**What to work on**. Scan the entries below and extract each line with the word "Baby" in it.

**Extracted entries**.

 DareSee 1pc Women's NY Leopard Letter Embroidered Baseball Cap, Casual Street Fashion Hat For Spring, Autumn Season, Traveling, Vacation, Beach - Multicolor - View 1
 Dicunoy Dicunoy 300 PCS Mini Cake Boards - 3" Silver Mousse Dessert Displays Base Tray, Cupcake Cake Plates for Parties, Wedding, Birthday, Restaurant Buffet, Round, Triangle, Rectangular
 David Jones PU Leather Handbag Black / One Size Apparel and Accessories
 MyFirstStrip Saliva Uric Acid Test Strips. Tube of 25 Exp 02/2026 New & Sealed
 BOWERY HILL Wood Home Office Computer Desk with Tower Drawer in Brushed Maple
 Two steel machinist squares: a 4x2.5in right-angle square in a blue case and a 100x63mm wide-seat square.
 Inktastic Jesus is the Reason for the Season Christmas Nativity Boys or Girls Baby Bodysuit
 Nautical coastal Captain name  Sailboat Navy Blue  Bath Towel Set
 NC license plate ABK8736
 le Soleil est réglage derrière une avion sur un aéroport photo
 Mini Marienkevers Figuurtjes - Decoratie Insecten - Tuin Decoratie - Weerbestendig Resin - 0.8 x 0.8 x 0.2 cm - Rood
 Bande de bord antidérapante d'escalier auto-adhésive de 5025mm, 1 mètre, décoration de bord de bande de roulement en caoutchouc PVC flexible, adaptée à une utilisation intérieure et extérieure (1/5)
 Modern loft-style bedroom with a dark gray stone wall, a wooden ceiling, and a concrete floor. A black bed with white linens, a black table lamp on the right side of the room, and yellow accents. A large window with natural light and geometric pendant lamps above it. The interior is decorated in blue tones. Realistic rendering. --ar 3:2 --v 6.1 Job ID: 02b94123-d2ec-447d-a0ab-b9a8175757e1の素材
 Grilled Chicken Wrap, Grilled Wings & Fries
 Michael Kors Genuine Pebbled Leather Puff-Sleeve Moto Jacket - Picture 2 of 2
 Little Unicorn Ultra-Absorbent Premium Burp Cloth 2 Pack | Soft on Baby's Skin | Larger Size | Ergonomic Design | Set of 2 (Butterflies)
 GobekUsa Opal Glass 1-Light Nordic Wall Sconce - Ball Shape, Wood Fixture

**Reply to the task**.
 Inktastic Jesus is the Reason for the Season Christmas Nativity Boys or Girls Baby Bodysuit
 Little Unicorn Ultra-Absorbent Premium Burp Cloth 2 Pack | Soft on Baby's Skin | Larger Size | Ergonomic Design | Set of 2 (Butterflies)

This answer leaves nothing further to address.